TLDR: AttentionViG is a new Vision Graph Neural Network (ViG) architecture that uses a cross-attention mechanism to dynamically weigh the importance of neighboring nodes. This method improves feature aggregation, allowing the model to achieve state-of-the-art performance in image classification (ImageNet-1K), object detection, instance segmentation (MS COCO), and semantic segmentation (ADE20K) while maintaining efficiency. It addresses limitations of fixed graph constructions by learning to focus on semantically relevant neighbors.
The field of computer vision has seen significant advancements with various neural network architectures, including Convolutional Neural Networks (CNNs) and Vision Transformers (ViTs). More recently, Vision Graph Neural Networks (ViGs) have emerged as a promising alternative, offering unique ways to process image data.

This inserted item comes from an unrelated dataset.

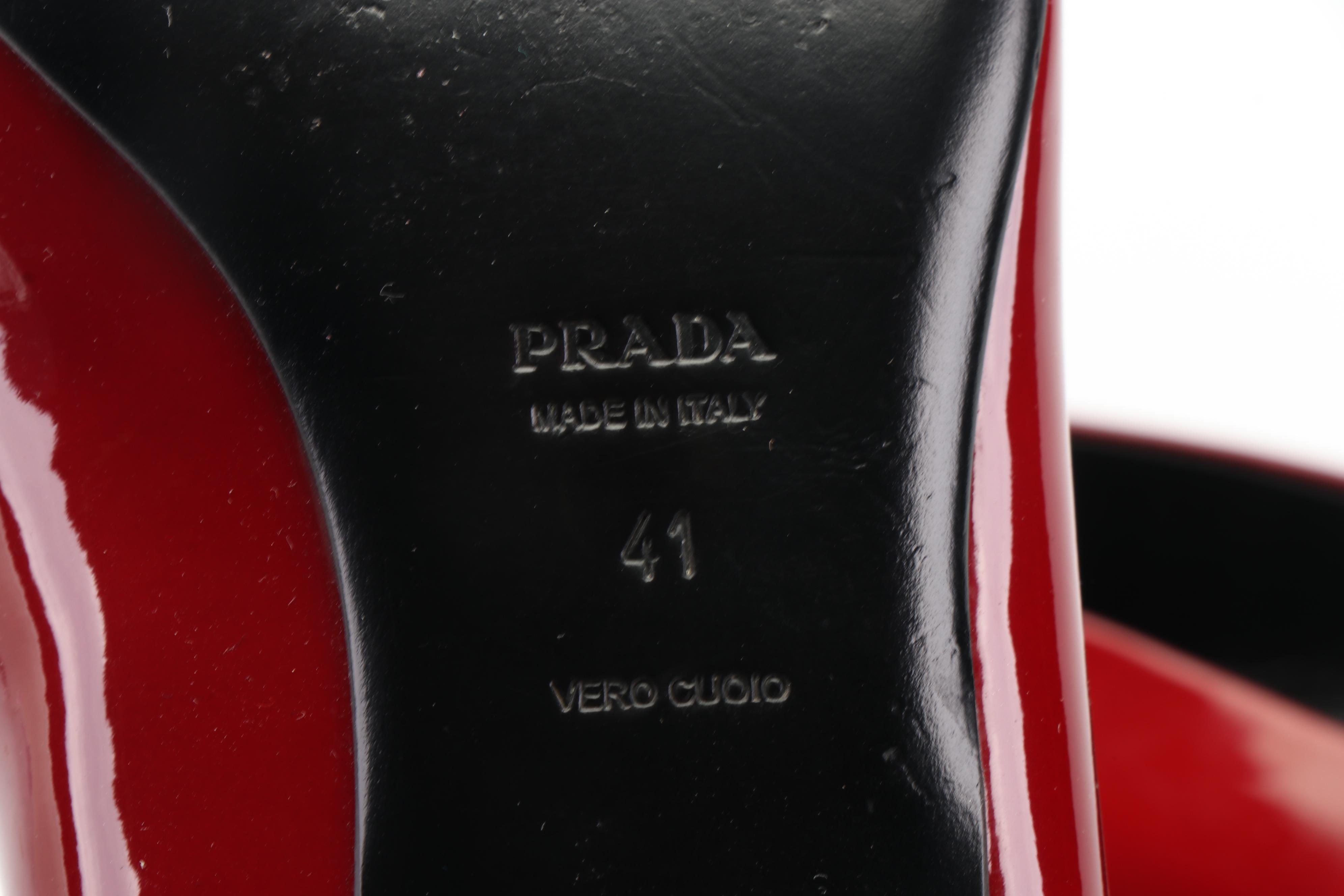 Women's Prada Red Patent Leather Flats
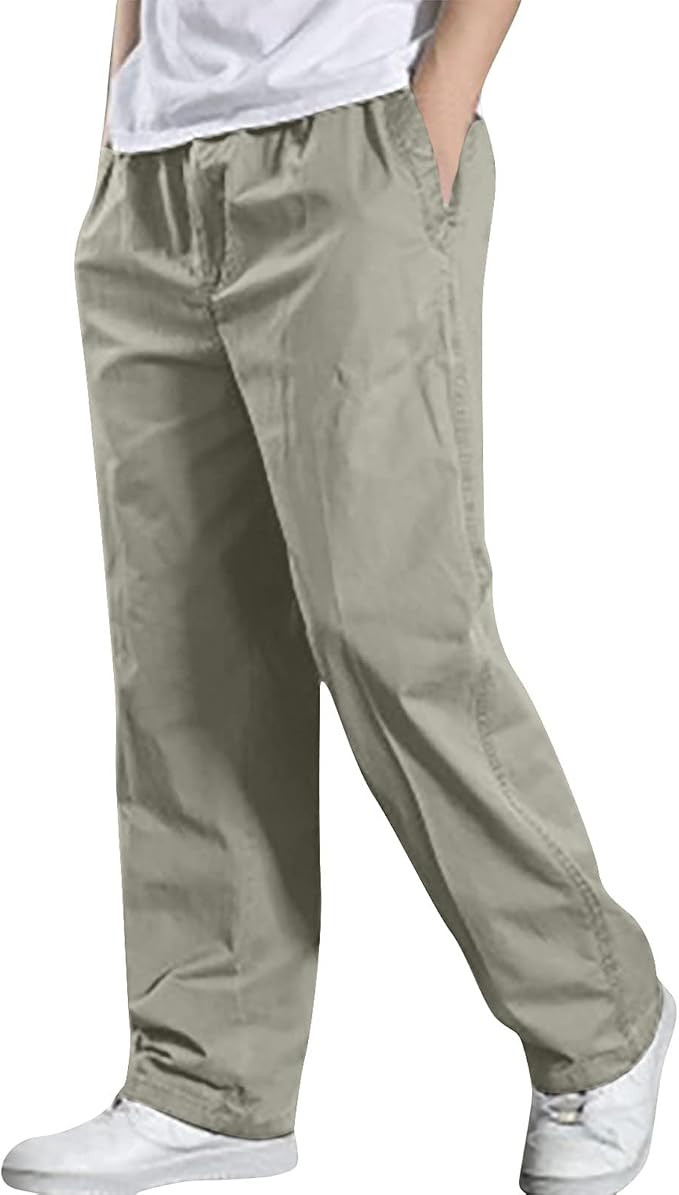 Pantalones cargo para hombre, ajuste relajado, casual, de algodón, holgados, pantalones atlétic... | Amazon (US)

A critical component of any ViG is how it aggregates features from a node’s neighbors within the graph structure.
Traditional graph convolution methods used in ViGs, such as Max-Relative, EdgeConv, GIN, and GraphSAGE, often struggle to effectively capture complex relationships between a node and its neighbors. These methods typically lack a mechanism to assign varying importance to different neighbors, treating them all equally. This can lead to suboptimal performance, especially when the graph construction method (how neighbors are chosen) is not perfect or is fixed.
To address this challenge, researchers have introduced a novel approach called AttentionViG. This new architecture proposes a cross-attention-based aggregation method. In this scheme, the “query” for attention comes from the central node, while the “keys” come from its surrounding neighbors. This allows the model to dynamically learn the relevance of each neighbor to the central node, effectively weighing their contributions. Instead of enforcing competition among neighbors (as softmax attention often does), AttentionViG uses an exponential kernel to convert similarity scores into attention weights, allowing for more flexible aggregation.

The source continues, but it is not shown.